According to US sources, a congressional inquiry into issues related to last year's Sept. 11 attacks was investigating a possible money trail from the Saudi government to two of the hijackers, Khalid al-Mihdhar and Nawaf al-Hazmi.

Asked if the Saudi government had sent money to the hijackers, al-Jubeir replied: “There is no evidence to that effect whatsoever.”

US National Security Council spokesman Sean McCormack cautioned on Saturday that it was too early to jump to conclusions about a money trail.

“While you have an ongoing investigation, it's important not to rush to judgement,” he said during a visit by President George W. Bush to Romania.

Newsweek magazine reported that payments of about $3,500 a month reached the hijackers, possibly via two Saudi students living in the United States who had received it from an account in the name of Princess Haifa al-Faisal, wife of the Saudi ambassador to Washington.

Newsweek said the FBI had found a steady stream of payments to the family of one of the students, Omar al-Bayoumi, beginning early in 2000. It said Bayoumi had befriended the hijackers in San Diego several months earlier.

Al-Jubeir said an investigation by Princess Haifa's office had shown that the money appeared to have reached the students via another person, a woman who was on a list of recipients of charitable and other donations regularly made by the princess.

He said it was not clear who the woman was or how her name had come to be on the list of recipients. Investigations were continuing, he said.

'A VERY GENEROUS WOMAN': “Princess Haifa is a very generous woman … she donates large amounts of money to charities,” al-Jubeir said.

The Washington Post reported in its Sunday edition that Saudi officials had acknowledged that Princess Haifa gave money to the family of Osama Basnan to help defray medical costs. Bayoumi was a friend of Basnan's, the paper said.

The newspaper cited a Saudi Embassy official as saying that Princess Haifa had provided $15,000 to Basnan in 1998 and followed up with $2,000 monthly checks to Basnan's wife.

The paper said Saudi officials said there was no evidence any of the money made it into the hands of the hijackers and that embassy officials were still pouring over bank records to see if any checks sent to the Basnan family were endorsed over to Bayoumi.

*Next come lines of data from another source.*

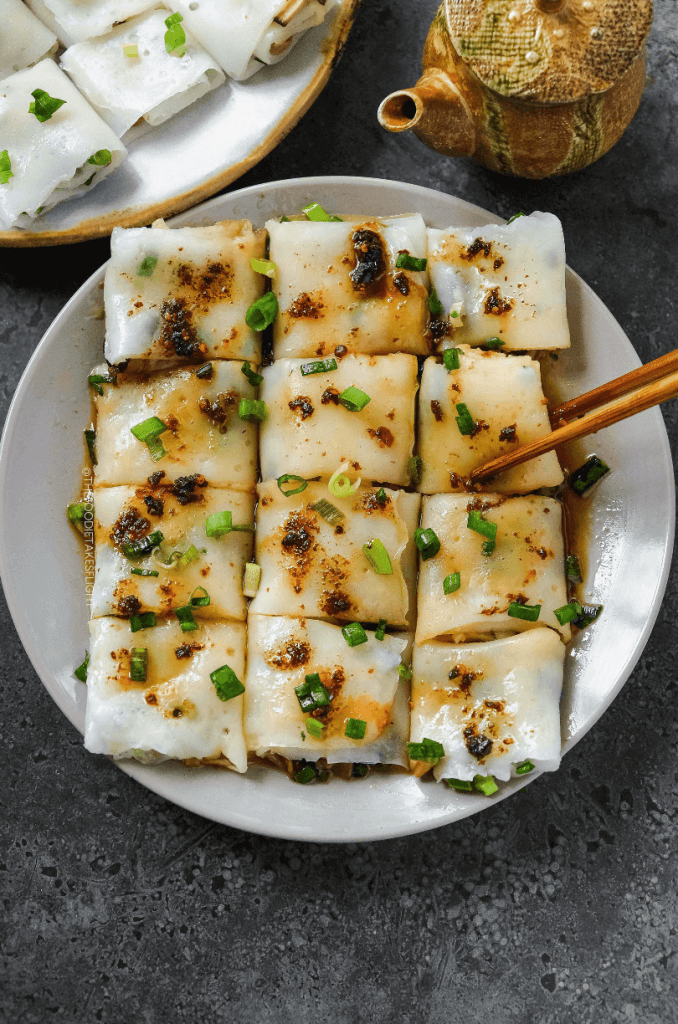 Steamed Rice Roll with Mushroom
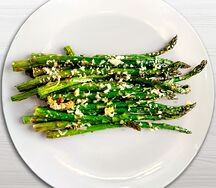 Спаржа на гриле 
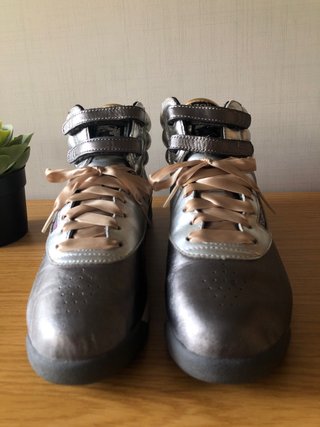 Zapatillas Reebok Freestyle Hi x ROLLAND BERRY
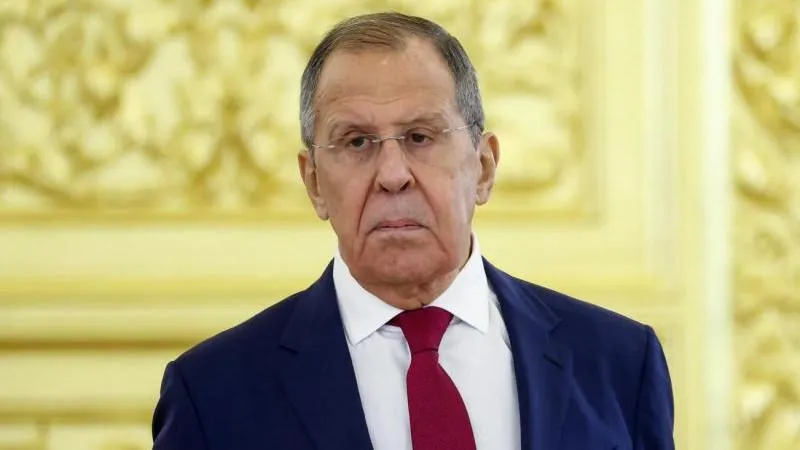 Lavrov dit qu'il «porte sur lui» des citations de Poutine et Trump d'Anchorage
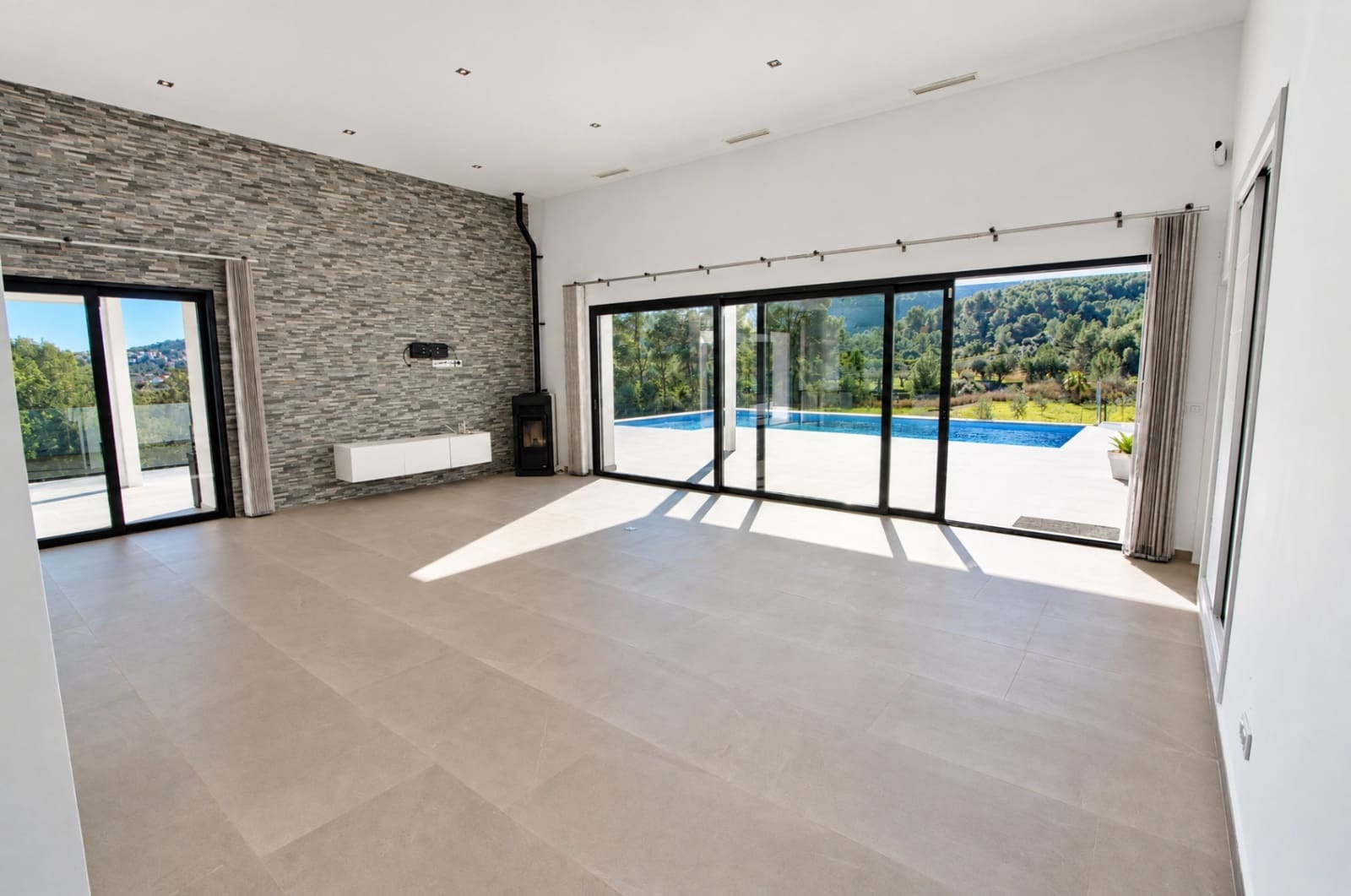 3 bedroom Villa for sale in Orba with pool garage - € 1,400,000 (Ref: 9646357)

Saudi-US relations were strained after the Sept. 11 hijacked plane attacks after it was discovered that 15 of the 19 hijackers were Saudis. About 3,000 people died in the attacks.

Al-Jubeir said Saudi Arabia was working closely with the United States in the broader hunt for members of Osama bin Laden's al Qaeda group, accused of carrying out the attacks.

“I don't believe that there are any two governments that are co-operating more closely than your government and my government on this matter,” al-Jubeir said.

“Ultimately it is your country and my country that are in the crosshairs of al Qaeda and we have been pursuing them for a number of years and we will continue to pursue them mercilessly because that is the only way we can rid this region of this scourge,” the Saudi diplomat said.

White House officials said the FBI was conducting a broad investigation into the attacks and their financing. “They (the FBI) have in fact received some co-operation from the Saudis on this investigation which is ongoing,” McCormack said.

“They do no have the luxury of supposition. They have to deal with the facts and they are pursuing them,” he said.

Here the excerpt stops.